South Africa is due to play Japan in its first game of the men’s soccer competition on Thursday at Tokyo Stadium.
Organizers also said Sunday that another athlete had tested positive but this person was not residing in the Olympic Village. This athlete was also identified as “non-Japanese.”
Also on Sunday, the first International Olympic Committee member was reported as positive. He recorded a positive test on Saturday upon entering a Tokyo airport.
The International Olympic Committee confirmed the test and identified him as Ryu Seung-min of South Korea. He won an Olympic gold medal in table tennis in the 2004 Olympics.
He was reportedly being held in isolation. Reports said he was asymptomatic.
IOC President Thomas Bach said last week there was “zero” risk of athletes in the village passing on the virus to Japanese or other residents of the village.
Former distance runner Tegla Loroupe, the chief of mission of the IOC’s Refugee Olympic Team, has tested positive for COVID-19, two people with knowledge of her condition have said.

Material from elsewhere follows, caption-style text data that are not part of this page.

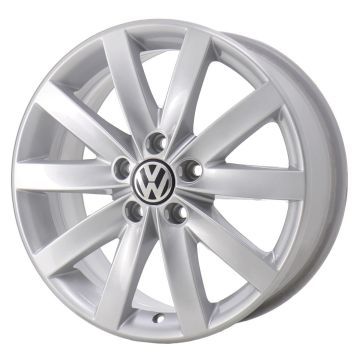 Volkswagen Golf Wheel Rim Silver 70014 Stock Factory OEM Replacement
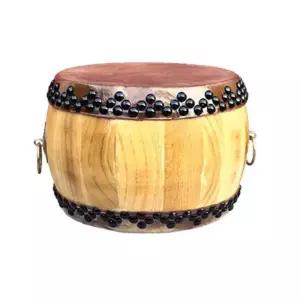 난타북 국악기 전통 작은북 공연 입문용 가죽 타악기
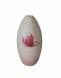 Urne funéraire en céramique 'Fleur de magnolia'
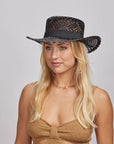 Saunter | Womens Fashion Straw Sun Hat
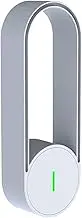 Diewu Negative Ion Air Purifier Wi USB Port Portable Deodorizer Mini Odor Eliminator Freshener Quiet Bedroom Air Cleaner for Home Car Office Allergies Pets Dust Pollen Hair Odors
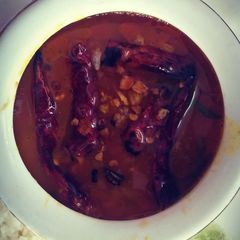 A picture of Dal tadka.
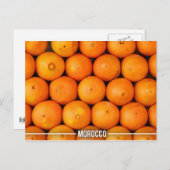 Oranje watervallen in Marrakesh Marokko Briefkaart (Voorkant / Achterkant)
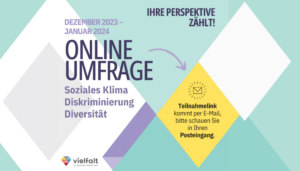 Read more about the article Online-Befragung für Studierende, Promovierende und Beschäftigte der Uni Göttingen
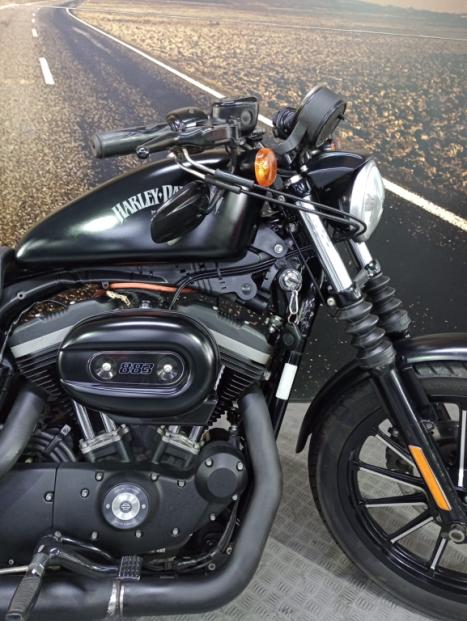 HARLEY DAVIDSON Sportster XL 883 IRON, Foto 6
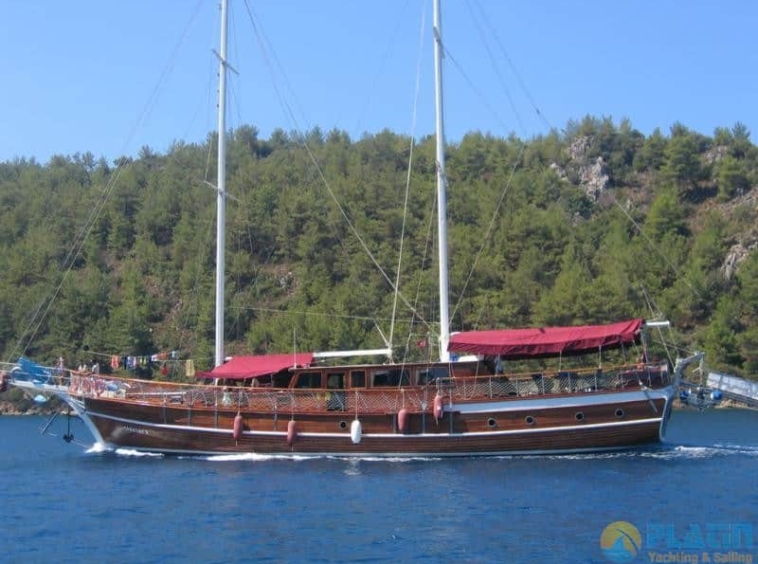 Cagatay 2 Kiralik Gulet Yat Tekne Mavi Yolculuk Tur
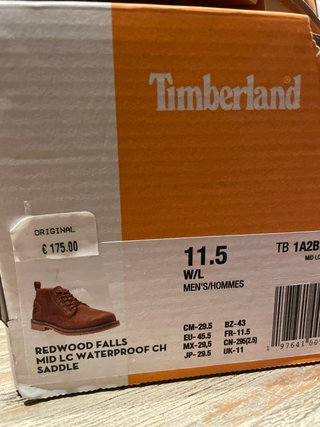 Botas Timberland Hombre Talla 45.5 Marrones.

Organizers say since July 1, 55 people linked to the Olympics have reported positive tests. This figure does not include athletes or others who may have arrived for training camps but are not yet under the “jurisdiction” of the organizing committee.
The Olympic Village on Tokyo Bay will house 11,000 Olympic athletes and thousands of support staff.
Tokyo reported 1,008 new COVID-19 cases on Sunday, the 29th straight day that cases were higher than seven days previously. It was also the fifth straight day with more than 1,000 cases reported.